> _SOURCE MATERIAL_
- - - - -

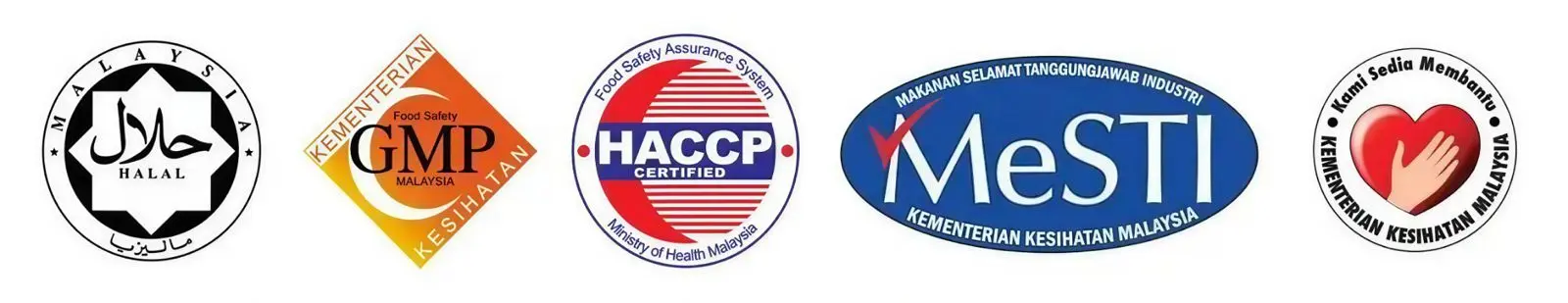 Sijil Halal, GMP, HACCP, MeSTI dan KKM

- - - - -

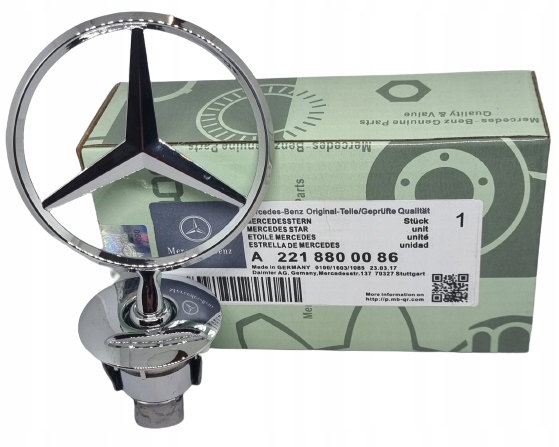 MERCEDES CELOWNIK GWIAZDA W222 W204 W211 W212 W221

- - - - -

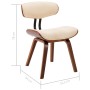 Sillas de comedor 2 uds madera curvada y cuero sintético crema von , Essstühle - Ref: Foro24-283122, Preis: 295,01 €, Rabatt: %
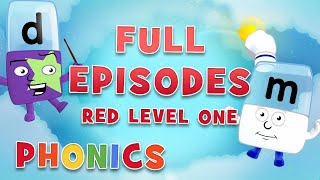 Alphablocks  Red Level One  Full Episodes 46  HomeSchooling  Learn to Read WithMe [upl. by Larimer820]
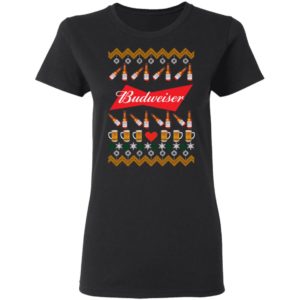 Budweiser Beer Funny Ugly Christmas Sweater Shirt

- - - - -

> _TASK OBJECTIVE_
Copy exactly the lines of the listing above between the one holding "[upl. by Larimer820]" and the one holding "Budweiser Beer Funny", inclusive; omit all pictures.

> _WRITTEN ANSWER_
 Alphablocks  Red Level One  Full Episodes 46  HomeSchooling  Learn to Read WithMe [upl. by Larimer820]
 Budweiser Beer Funny Ugly Christmas Sweater Shirt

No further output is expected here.